Представляя собой не часто встречавшийся в позднесоветский период тип военного командующего — интеллектуала, Сергей Георгиевич может считаться основателем океанического направления русской геополитики, рассматривающего Россию не как сухопутную, но как океанскую державу.
Американцы о нём говорили: «русский Мэхэн». Чем же было обусловлено столь лестное сравнение с одним из основателей мировой геополитики американским адмиралом А. Мэхэном? Да, Горшков написал выдающийся теоретический труд «Морская мощь государств», в котором стратегическое значение флота было поднято на большую высоту. Да, в период открытых гонений на геополитику и на проблематику военной мощи, в период отупляющей миролюбивой риторики болтунов из цековского агитпропа, адмирал взял одно из наиболее проклинаемых этим агитпропом понятие «морской силы» («мэхэновщину и коломбовщину») и придал ему «советское» звучание. Но всё это было не более чем восстановлением традиций русской геополитики дореволюционной эпохи, в частности идей Н. Л. Кладо.
Однако теоретическое мышление С. Г. Горшкова очевидно шло дальше концепций морской силы XIX и даже XX веков. Он показал и флоту, и геополитической мысли новые горизонты, связанные с уникальным в геополитике осмыслением природы и значения Мирового Океана. Именно Океан, а не море является центром геополитической рефлексии Горшкова.

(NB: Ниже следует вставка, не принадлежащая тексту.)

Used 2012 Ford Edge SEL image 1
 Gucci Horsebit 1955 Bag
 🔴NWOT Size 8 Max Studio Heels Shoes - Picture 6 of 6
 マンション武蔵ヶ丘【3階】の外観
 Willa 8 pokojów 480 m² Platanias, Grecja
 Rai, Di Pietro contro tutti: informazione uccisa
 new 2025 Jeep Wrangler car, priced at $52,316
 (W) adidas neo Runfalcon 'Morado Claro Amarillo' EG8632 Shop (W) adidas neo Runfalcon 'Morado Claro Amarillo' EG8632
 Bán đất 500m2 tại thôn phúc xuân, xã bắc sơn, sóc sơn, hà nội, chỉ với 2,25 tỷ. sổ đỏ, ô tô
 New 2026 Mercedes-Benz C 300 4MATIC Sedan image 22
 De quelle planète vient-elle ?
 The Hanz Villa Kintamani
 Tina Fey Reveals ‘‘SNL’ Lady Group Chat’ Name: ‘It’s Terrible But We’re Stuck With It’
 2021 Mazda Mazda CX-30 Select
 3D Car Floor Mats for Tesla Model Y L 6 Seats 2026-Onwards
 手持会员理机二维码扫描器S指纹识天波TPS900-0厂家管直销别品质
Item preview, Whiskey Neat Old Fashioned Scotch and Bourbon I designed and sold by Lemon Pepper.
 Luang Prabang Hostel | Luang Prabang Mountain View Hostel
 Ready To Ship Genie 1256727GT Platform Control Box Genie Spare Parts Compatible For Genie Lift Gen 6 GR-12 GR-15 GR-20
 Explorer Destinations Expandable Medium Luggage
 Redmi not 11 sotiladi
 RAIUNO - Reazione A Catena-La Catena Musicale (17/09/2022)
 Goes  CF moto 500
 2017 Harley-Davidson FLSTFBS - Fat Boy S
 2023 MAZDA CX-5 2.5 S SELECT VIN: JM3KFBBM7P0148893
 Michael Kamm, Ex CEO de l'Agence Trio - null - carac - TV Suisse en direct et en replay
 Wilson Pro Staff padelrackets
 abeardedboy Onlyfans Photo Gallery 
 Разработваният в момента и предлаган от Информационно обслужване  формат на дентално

Чтобы понять особенности этой школы, нам необходимо будет зафиксировать ту традицию англосаксонской морской геополитики, от которой Горшков отталкивался. В рамках англосаксонской парадигмы Альфреда Тайера Мэхэна море понимается как безличный и бескачественный коммуникатор, аналог ньютоновского однородного и бескачественного космоса. Море — это пространство, с помощью которого удобно соединить пункт А и пункт Б кратчайшим путем. Тот, кто господствует над этим пространством, тот господствует и над всеми возможными путями, проведенными через него. Кто господствует над возможными путями, кто удешевляет свои перевозки и удорожает перевозки противника, заставляя его двигаться обходным сухопутным путем, тот господствует над стратегической ситуацией.
У А. Мэхэна в его основном теоретическом труде «Влияние морской силы на историю» есть потрясающий по своей оскорбительности для моря образ. Он сравнивает Средиземное море эпохи Пунических войн Рима и Карфагена с пустыней: «Если бы Средиземное море было ровной пустыней, на окраинах которой римляне обладали бы сильными горными цепями Корсики и Сардинии, укрепленными постами Таррагоны, Лилибеума и Мессины, итальянскою береговой линией близ Генуи и союзными крепостями в Марселе и других пунктах; если бы при этом римляне располагали также вооруженной силой, способной пересекать эту пустыню по желанию, а их противник, будучи значительно слабее их в отношении такой силы, вынужден был именно поэтому на большой обходный путь для сосредоточения своих войск, то весь смысл такого военного положения был бы сразу понят, и не было бы слов, достаточно веских для выражения значения и влияния упомянутой силы римлян… В рассматриваемом случае флот играл роль силы, господствующей на предполагаемой пустыне, но так как эта сила действовала на стихии, незнакомой большинству писателей, и так как деятели её с незапамятных времен стояли как бы в стороне, не имея проповедника своего значения и значения профессии своей, то её огромное, решающее влияние на историю той эры, а вследствие этого и на историю мира, не было принято во внимание».
В построениях А. Мэхэна, равно как и всех «атлантических» геополитиков, море воспринимается именно как среда, которая может быть редуцирована до «пустоты», до чистого «пространства», и которая именно в силу своей бескачественности и однородности оказывается удобна для проведения коммуникаций, в отличие от окачествованной и разнородной суши. Собственно, если бы море было действительно пустыней, было бы лишено воды, ветров, глубин и отмелей, то это лишь улучшило бы его свойства с точки зрения «атлантической» стратегии.
Это пустотно-коммуникативное восприятие моря и связанное с ним восприятие морской силы прежде всего как господства над проведением и прерыванием коммуникаций является порождением того типа геополитического мышления, которое соответствовало «средиземноморской» и особенно «клочкообразной» эпохам создания «могущественных территориальных владений», выделенным выдающимся русским геополитиком В. П. Семеновым Тянь-Шанским. Для первой и, особенно, для второй системы характерно восприятие моря как препятствия/коммуникатора, а морской силы — как инструмента взаимного обращения этих позиций. Только владение морской силой позволяло создавать «средиземноморские» и «клочкообразные империи», а утрата или ограничение её вели и к скорой гибели этих геополитических систем.